Sunday, August 22, 2010

A Start At Thinking Clearly

Sometimes it takes the intelligence of someone else to help us gain our perceptive back. Thanks to a patient teenager, who lives outside the walls of our home, I learned some valuable lessons today. It also opened a flood gate of tears that have probably been backed up since my mom passed away. So I guess it was good to finally let loose and cry. The fact that I had just finished putting on my make-up was a pain but it also enriched the reality of my errors.
We all make little and big mistakes in our lives but owning up to them is hard. If I recognize the mistake, I am willing to own up to it quickly and recognize where I was at fault. The step after of forgiving ourselves, is more difficult for me. It is often harder to forgive ourselves.
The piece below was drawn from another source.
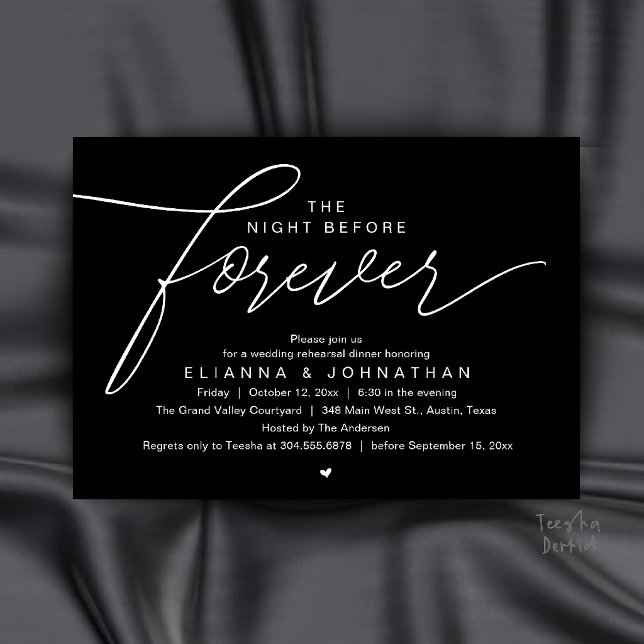 Wedding Rehearsal Dinner, Modern Elegant Script Invitation (The Night Before Forever, Wedding Rehearsal Dinner, Modern Elegant Invites Card in Black and White)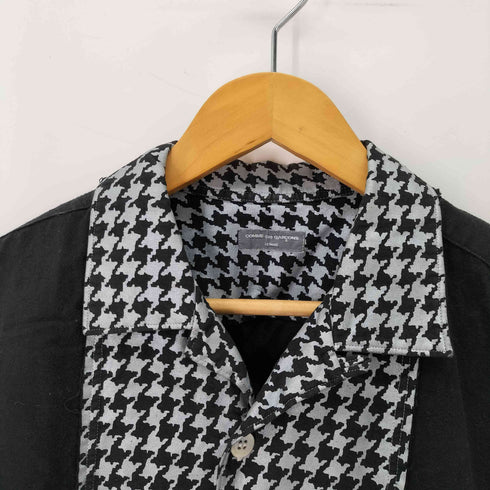 コムデギャルソンオム COMME des GARCONS HOMME 千鳥格子プリント 切り替え オープンカラーシャツ メンズ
So what did I learn . . . again, I believe we often learn the same lessons over and over until we get it right, well I learned:
  1. Don't judge unless you are in a court room or have authority. If you only have bits and pieces of the information your judgments will be in error.
  2. Be quick to recognize when you are at fault. There is nothing worse then a friend who won't admit they made a mistake.  
  3. Be loving and compassionate. The written word even with good intentions can be misread. If you have a problem talk directly to someone with love and compassion so information is accurate. 
  4. Trust people who have earned your trust and don't keep making them re-earn it.
It is amazing how much we can learn from our mistakes if we are teachable. I know I learned a lot this time around and I am thankful for a wise youth that can easily forgive.
As for being so emotional? I just went to a spiritual education week full of classes and couldn't bring myself to attend hardly any of them. Maybe I needed to have a good cry and didn't want to do that in front of people so my emotions were very guarded and I stayed away from things that might touch me. I haven't slept much so I know I am not thinking clearly. When I have too much time on my hands, like the 15 hour drive we just did, I tend to think too much or blast music in my headphones so I don't have to think. Which is odd since the lyrics often make me think more.  Oh well, now I have a whole day at home and all I can do is think.
Thank you to all my patient friends who are guiding me through the lessons of life. I believe it is time now to go get a cup of cocoa, sit by the fireplace, work on forgiving myself for stupid mistakes, and 'think' about what the next step is in my life.